May 7, 2010

 

US high corn prices reflect brisk demand

 
 

Corn prices in the US have been favourable to producers to market more corn during the 2010 planting season.

 

On April 30, the CME Group exchange closed with July at US$3.75 1/2, September at US$3.84, December at US$3.92, March 2011 at US$4.05, and May 2011 at US$4.13 per bushel. Compared with prices in mid-April, the futures closed US$0.01-US$0.03 higher.

 

According to Ron McDaniel of Abbott Futures, housed at the Minneapolis Grain Exchange, the corn market experienced a reversal bottom by making new lows.

   

"It's called an end-around," McDaniel said. "It's a very potentially positive technical development in the corn. You're going to see targets up around US$3.90-US$4 on July corn, and maybe pushing US$4.15 in December corn."

 

Traders are also considering the possibility that China may purchase more corn.

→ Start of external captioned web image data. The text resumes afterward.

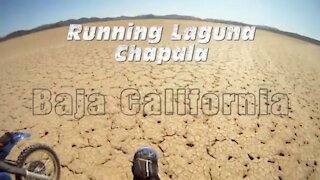 Laguna Chapala Dry Lake Run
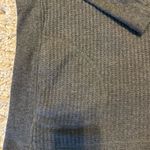 Soft Surroundings  Gray Cowl Neck Knit  Hoodie with Pockets Size Small Photo 10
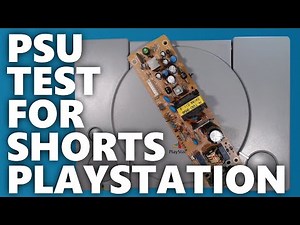 Sony Playstation 1 | No power | PSU short fix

The USDA announced 115,000 tonnes (4.5 million bushel) sale of corn to China on April 29.

 

The USDA also announced US corn weekly export sales of 1.2 million tonnes (47.2 million bushels) for the 2009 corn crop and 202,000 tonnes (7.9 million bushels) for the 2010 crop.

 

Corn sales for exports have topped 1 million tonnes four weeks in a row.